Written by Bliss Warrior on August 8, 2008 – 10:40 am -Ladies,
The Bliss Warrior Team is proud to announce the grand opening of the Hotel Bliss Boutique.
Dedicated to supporting female artisans, the Boutique will be featuring handmade one-of-a-kind goods at exceptional prices. All sellers are members of Hotel Bliss, so if you have any questions about an item, feel free to contact them and ask them about their amazing work.

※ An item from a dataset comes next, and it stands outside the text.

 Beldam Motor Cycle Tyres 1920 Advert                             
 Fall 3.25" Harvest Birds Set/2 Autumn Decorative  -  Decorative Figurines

Some of the new items on sale now at the Hotel Bliss Boutique:
BY EVOKATEUR:

ONLY $18.00 PLUS SHIPPING! CLICK HERE TO READ MORE.
BY SNARFF:

DOUBLE ENDED GLASS DILDO BY SNARFF $150.00 PLUS SHIPPING
CLICK HERE TO READ MORE ABOUT THIS GORGEOUS PRODUCT.
And so much more, including hair accessories, adult toys, jewelry, massage, and handbags!
CLICK HERE TO SEE ALL OF THE NEWEST PRODUCTS AT THE BOUTIQUE.
CLICK HERE TO MEET THE ARTISTS - REMEMBER BUY AMERICAN, AND BUY BI!
Interested in selling your goods at the Hotel Bliss Boutique?
If you are already a member of Hotel Bliss, log -in and then CLICK HERE or visit the FAQ link in the home bar and click on How To Become a Seller. Once you are sure you qualify to be a seller, fill out the seller application by CLICKING HERE.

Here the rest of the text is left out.